1/11/2007

Poland Grants Free Worker Access To 11 EU And EFTA Countries

Poland is granting seven EU member states and the four European Free Trade Area (EFTA) countries free access to its labour market, the Polish Minister of Labour, Anna Kalata, said Wednesday.

Announcing the lifting of the labour market restrictions in Warsaw, Kalata said that free access to the labour market was one of the "fundamental rights of the EU."

Under the new regulations, citizens of Germany, Austria, The Netherlands, Denmark, France, Luxembourg and Belgium are entitled to work in Poland without a work permit.

Citizens of the four EFTA countries, Sweden, Iceland, Liechtenstein and Norway will also be allowed free access to the Polish labour market.

Kalata did not expect the Polish unemployment rate, which is currently 15 per cent, to be adversely affected.

Earning opportunities in Poland meant that the citizens of the EU and EFTA countries would not be particularly interested in the Polish labour market, she said, in a reference to the large disparity in incomes between Poland and its western and northern neighbours.

In 2005, 1,600 citizens of EU member states sought employment in Poland and in the first six months of 2006 there were 433 jobseekers from Poland's western neighbours.

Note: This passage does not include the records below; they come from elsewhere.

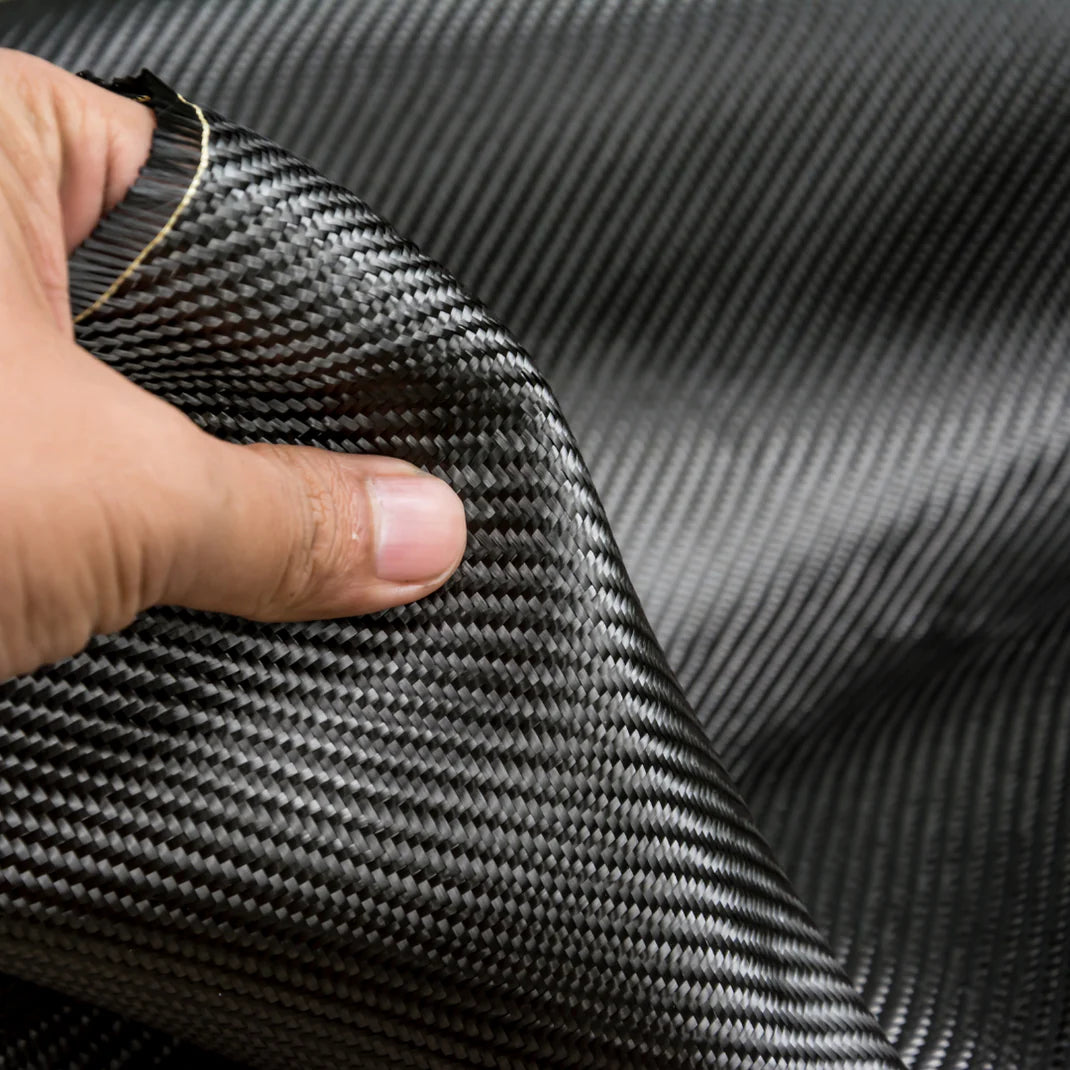 a male hand holding aramid fiber materials that we used to craft the case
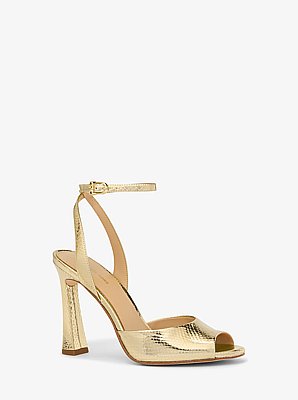 Rosie Metallic Snake Embossed Leather Sandal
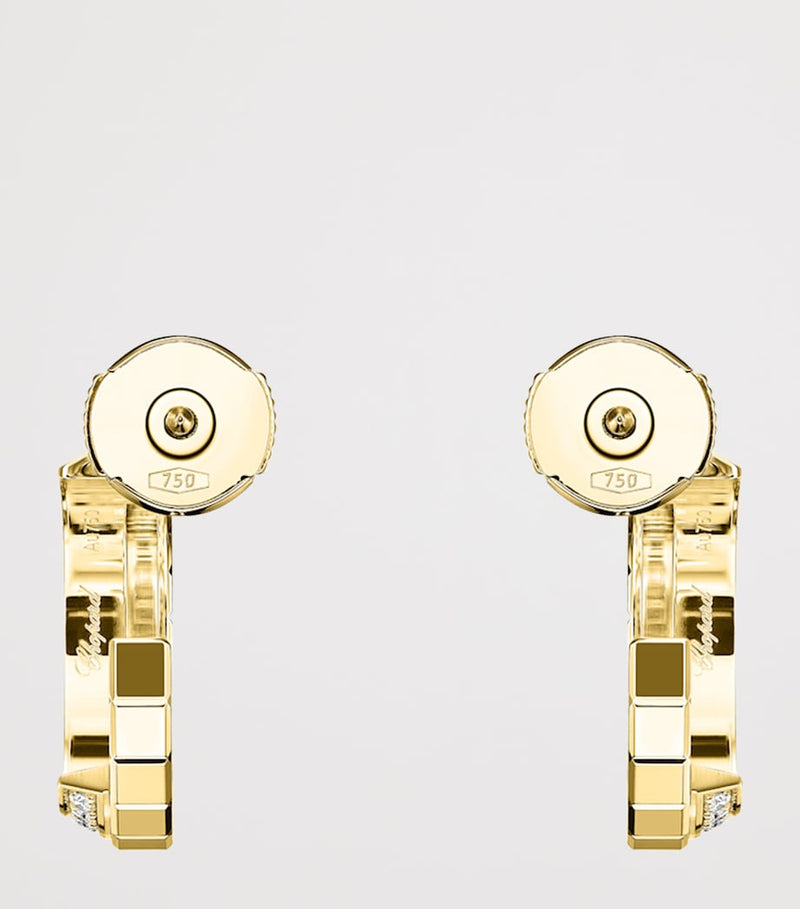 Chopard yellow gold diamond Ice Cube hoop earrings, imported from the UK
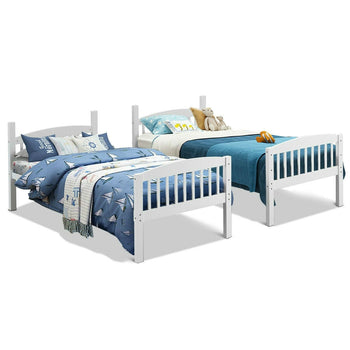 Twin over Twin Wooden Bunk Bed with Ladder in White Wood Finish - Deals Kiosk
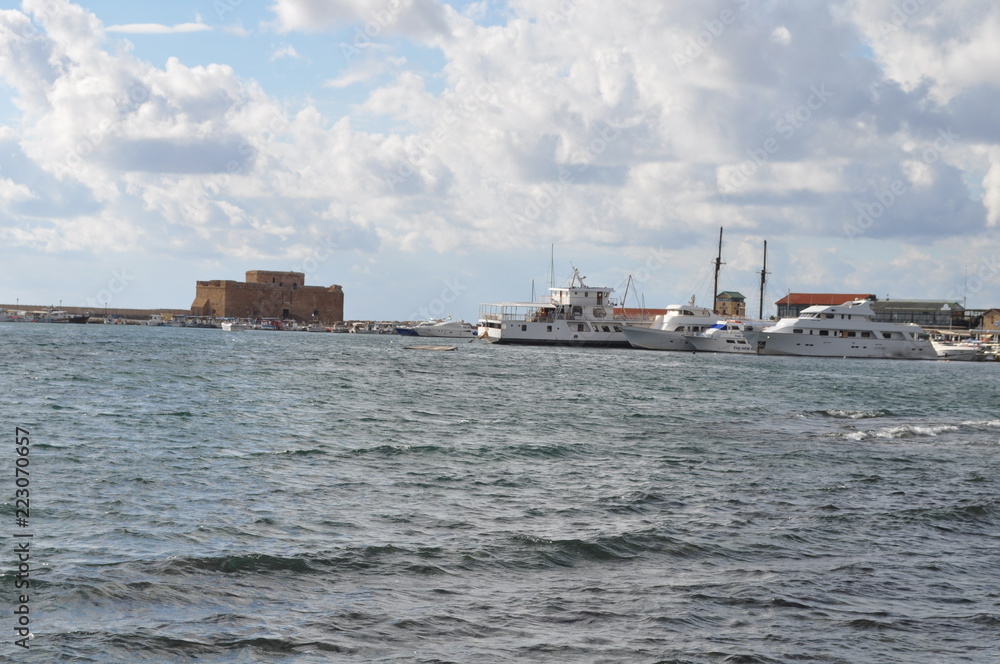 The beautiful ports old, Castle of Pafos in Cyprus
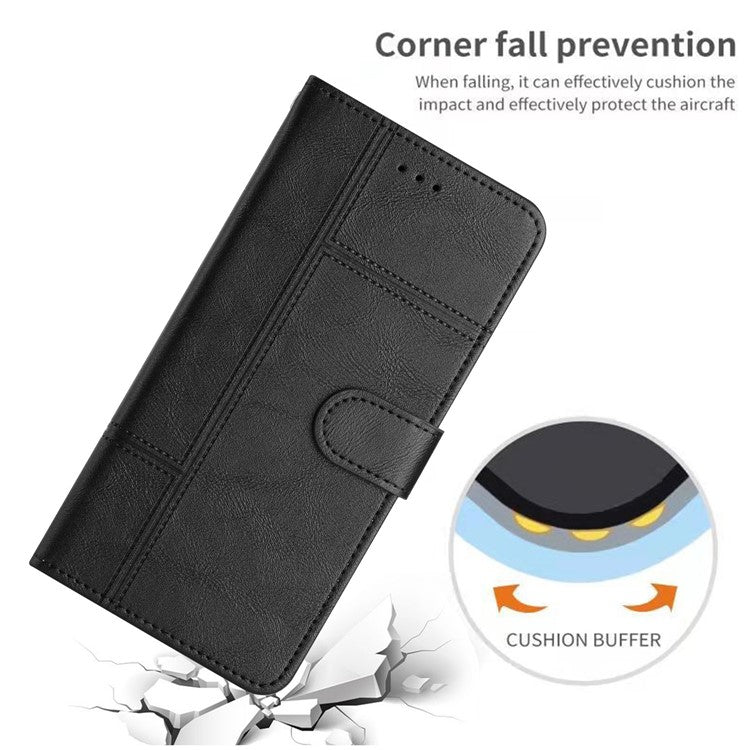 For Google Pixel 7a PU Leather Cowhide Texture Business Cover Line Imprinted Stand Wallet Phone Case with Strap - Black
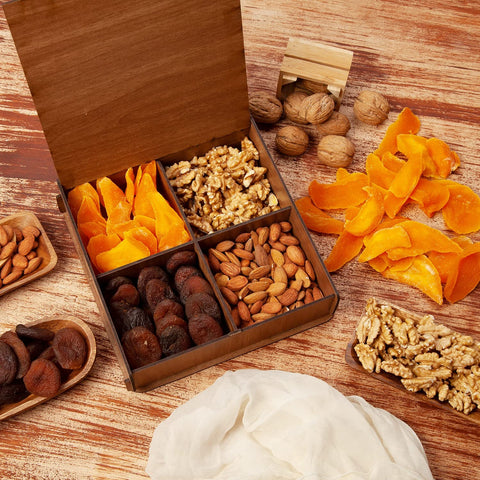 4 Variety  Nuts & Dried Fruit  Wooden Gift Box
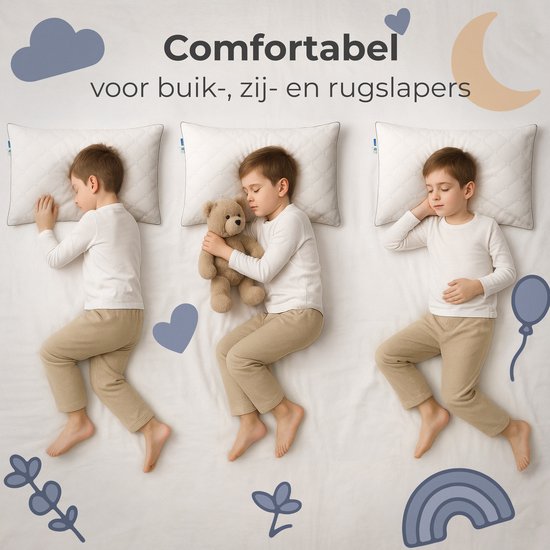 CozySense® Kinderkussen - Hoofdkussen Kind - Peuterkussen - Ergonomisch & Verstelbaar - 100% Katoen - Hypoallergeen - OEKO-TEX® - 40x55cm - 2-12 Jaar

Ireland, Britain and Sweden, which opened their labour markets to Poland when the country joined the EU in May, 2004, have had full access to the Polish jobs market since then.

Meanwhile, research published Wednesday by the Polish research institute, ARC, shows that unemployment rates amongst Poland's rural population are as high as 58 per cent.

ARC's research, which focused on the problem of unemployment in rural Poland for the first time, found high rate of long-term unemployment in rural areas of Poland, according to Adam Czarnecki of the research institute. Almost 58 per cent of agricultural workers had been unemployed for more than three years.

Farmers and other agricultural workers do not normally appear in Polish unemployment statistics owing to their official status.

Farmers are entitled to social insurance and are expected to make their living from agriculture. Farmers' income, especially that of small farmers with less than 15 hectares of land, was found to be shockingly low.

Only 12 per cent had an income comparable with the national average and many were living on the poverty threshold.

At least 40 per cent of respondents had a per capita income of less than 500 zloty (172 dollars).

Seasonal work abroad was one way that farmers could supplement their meagre incomes.